Viele schwärmen vom Rudern, nur 4000 Wiener tun es

Wien - In den frühen Morgenstunden kann es auf der Alten Donau in Wien eng werden. Schließlich braucht so ein Ruderboot Platz. Beidseitig - und nach vorn: Bis zu 20 Kilometer pro Stunde kann ein gut eingespielter Achter erreichen. "Um da mitzuhalten, braucht man einen echten Außenbordmotor", sagt Christof Schmölzer. Auch dann, wenn sich "nur" Normalverbraucher in die Riemen legen. "Rudern", erklärt der vierfache Weltmeister (Doppelzweier und -vierer), "ist im Grunde der Gesundheitsbreitensport schlechthin."

Auch wenn es an einem sonnigen Morgen an der Alten Donau anders aussieht, beklagt der Zahnarzt eines: Rudern ist ein Konjunktiv-Sport. Viele Menschen schwärmen vom ästhetisch ansprechenden, sanften, den ganzen Körper aktivierenden und de facto verletzungsrisikofreien Sport. Aber nicht einmal 4000 Wiener rudern. Und versäumen einiges: "In der Früh alleine über das spiegelglatte Wasser zu ziehen hat etwas Meditatives.
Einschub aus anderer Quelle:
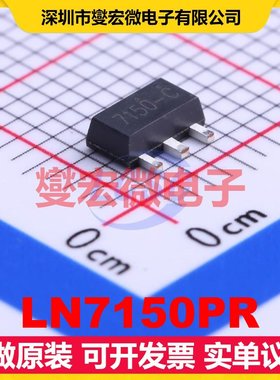 LN7150PR SOT-89-3 LDO低压差线性稳压器芯片IC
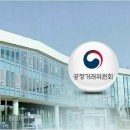 케이지케미컬 이미지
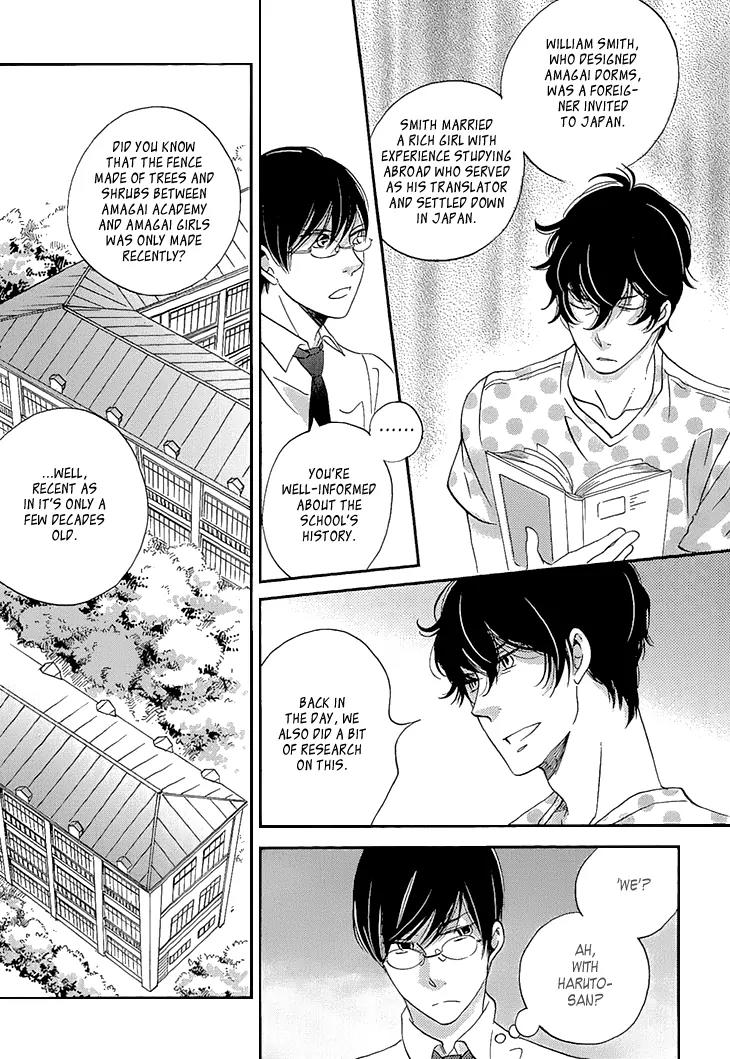 Ame Nochi Hare Chapter 23 page 32 - Chapter 23: Beginning of Summer 2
Und zu spüren, wie aus einer Gruppe Einzelner ein Team wird, ist jedes Mal toll."

Gros der Sportler über 35

Freilich: Um derlei wirklich genießen zu können, braucht man "eine gewisse Reife" (Schmölzer). Auch das, so der 50-Jährige vom Ruderclub Pirat, mache Rudern zum idealen urbanen Breitensport: Der Jugendlichkeitswahn entfällt. Das Gros der Freizeitsportler ist über 35. Nicht ohne Grund spricht der Ehrenpräsident des Wiener Ruderverbandes, Günter Woch, scherzhaft von "Mumien-Achtern" mit denen er fahre. Woch ist 73. Und manchmal einer der Jüngeren im Boot.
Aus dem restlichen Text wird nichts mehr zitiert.